▶ [Supplied material]:
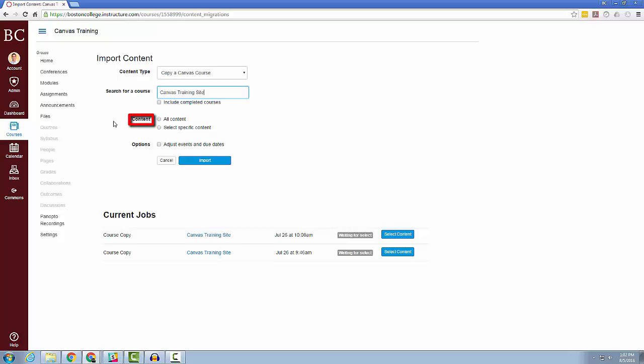Next, under Content, you can choose to import all content, or you can select specific content for your course. You even have the option to adjust events and due dates to the current year. When you are done choosing your options, click the Import button.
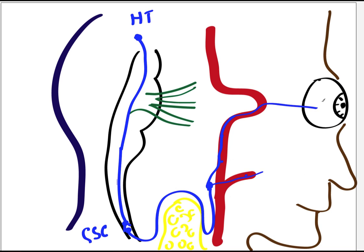These are the fibers that are involved in supplying the smooth muscles of the islets and the dilator pupillary muscles.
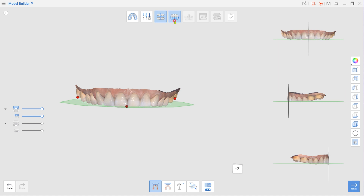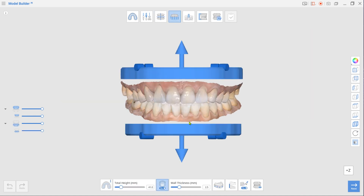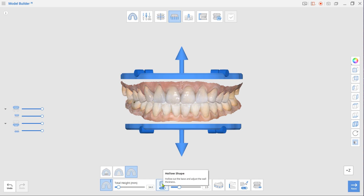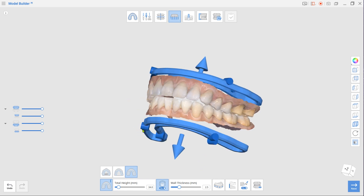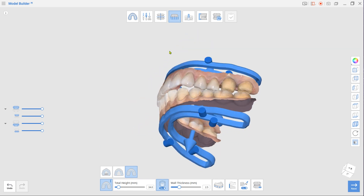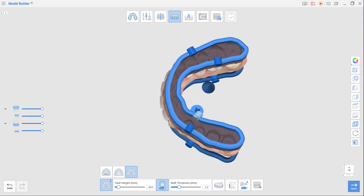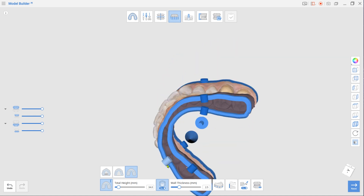Next is Base Creation mode. Drag arrows up or down to adjust the base height and select Plateless Mode as the base type in the toolbox. To minimize consumption of resin material during printing, leave the Hollow Shape option on. Create drain holes and ensure they are not placed near your working dies. Adding drain holes will prevent blowouts caused by cupping.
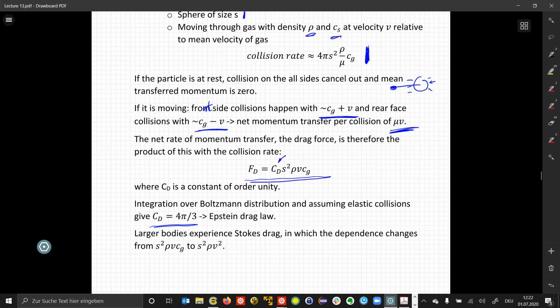For larger bodies, they experience the so-called Stokes drag, where we change the dependence from a² rho v·c to a quadratic dependence on the solid particle velocity.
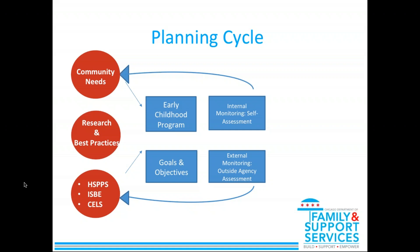The self-assessment is a self-reflection about how a program is doing — what does it need to improve, what does it need to do better to meet the goals and objectives of the program, to be in compliance with standards, to meet community needs? The point of all monitoring, whether it's internal or external, or the self-assessment, is to be in better compliance, to strengthen programs, and to be more responsive to community needs.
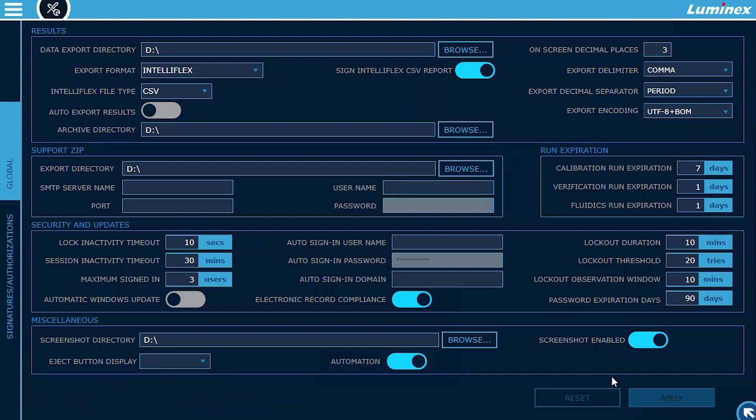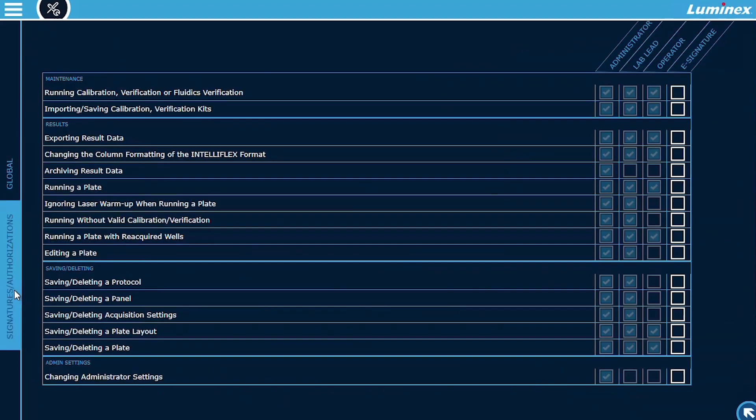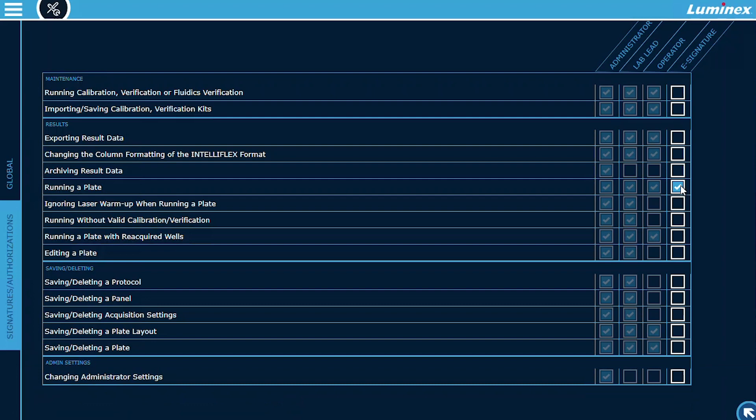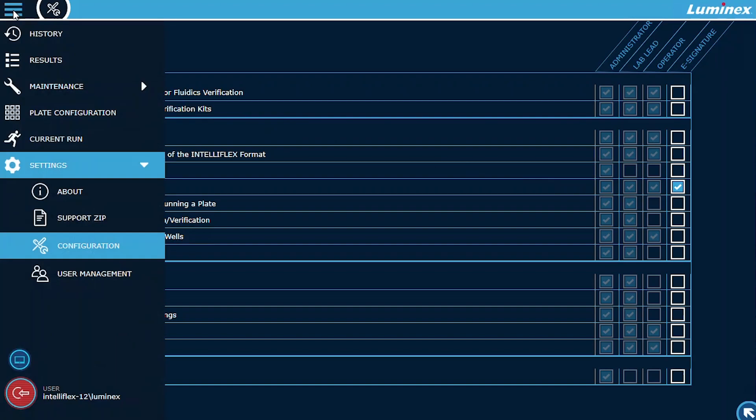Some of the features enabled with this module include electronic signatures and digital signatures. Electronic Signatures. XMAP IntelliFlex Software enhances traceability by allowing administrators to require electronic user signatures when executing specific actions. These actions are customizable for different regulatory environments and require users to re-enter their credentials for each signature.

▶ [Exercise brief]: Pictures aside, print exactly the lines above starting with the one containing "Next is Base" and going on through the one containing "For larger bodies, they".

▶ [Written response]:
Next is Base Creation mode. Drag arrows up or down to adjust the base height and select Plateless Mode as the base type in the toolbox. To minimize consumption of resin material during printing, leave the Hollow Shape option on. Create drain holes and ensure they are not placed near your working dies. Adding drain holes will prevent blowouts caused by cupping.
For larger bodies, they experience the so-called Stokes drag, where we change the dependence from a² rho v·c to a quadratic dependence on the solid particle velocity.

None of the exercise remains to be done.